▸ **Input for this task**
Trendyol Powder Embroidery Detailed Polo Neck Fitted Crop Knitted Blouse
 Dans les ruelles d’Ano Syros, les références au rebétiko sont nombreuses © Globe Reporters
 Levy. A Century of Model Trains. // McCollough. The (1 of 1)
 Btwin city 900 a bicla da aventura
* * *
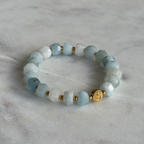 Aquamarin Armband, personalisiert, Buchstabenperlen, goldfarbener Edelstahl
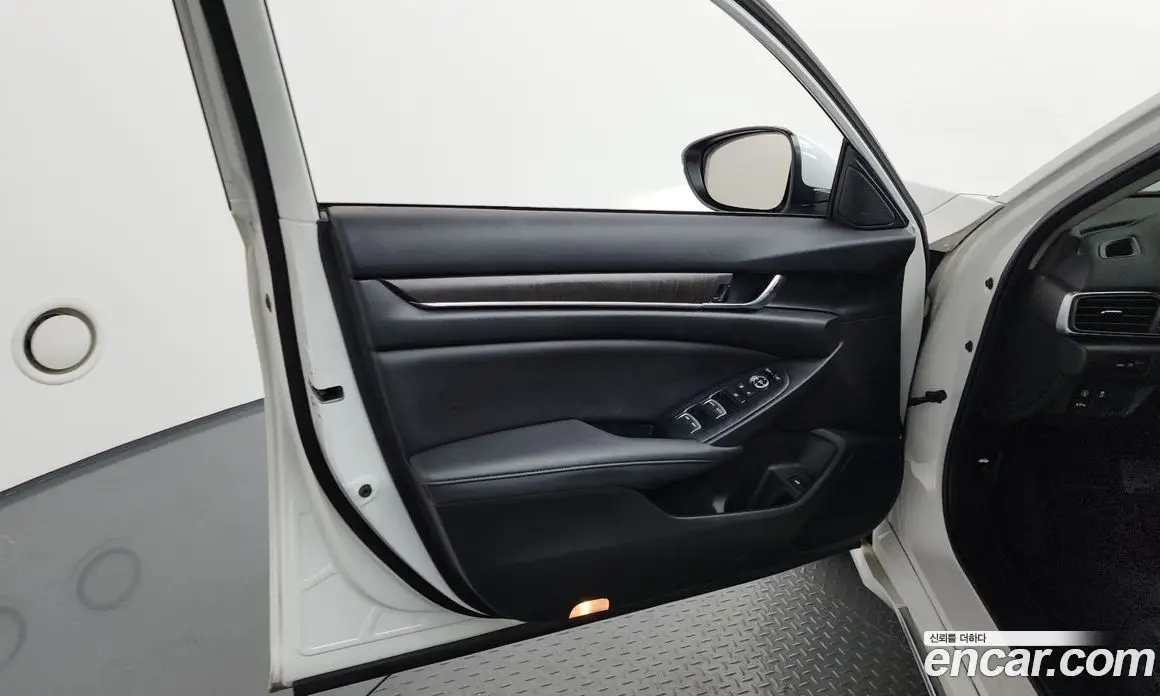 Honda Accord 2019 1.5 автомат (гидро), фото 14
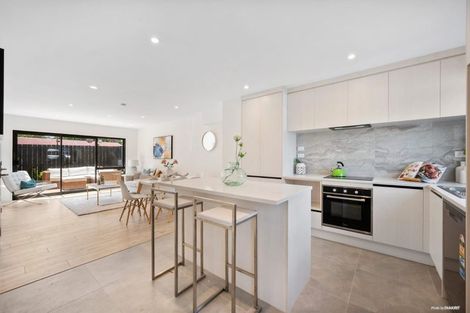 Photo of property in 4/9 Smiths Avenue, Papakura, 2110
--
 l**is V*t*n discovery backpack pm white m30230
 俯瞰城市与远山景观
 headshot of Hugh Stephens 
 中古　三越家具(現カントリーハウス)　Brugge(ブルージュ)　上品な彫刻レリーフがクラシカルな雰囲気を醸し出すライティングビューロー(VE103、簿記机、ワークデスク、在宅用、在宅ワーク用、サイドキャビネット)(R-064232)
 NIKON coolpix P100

▸ **Problem**
Only one stretch of the data above is needed. Restate it word for word, from the line containing "Levy. A Century" through the line containing "Btwin city 900 a bicla da aventura", both ends included.

▸ **Result of the exercise**
 Levy. A Century of Model Trains. // McCollough. The (1 of 1)
 Btwin city 900 a bicla da aventura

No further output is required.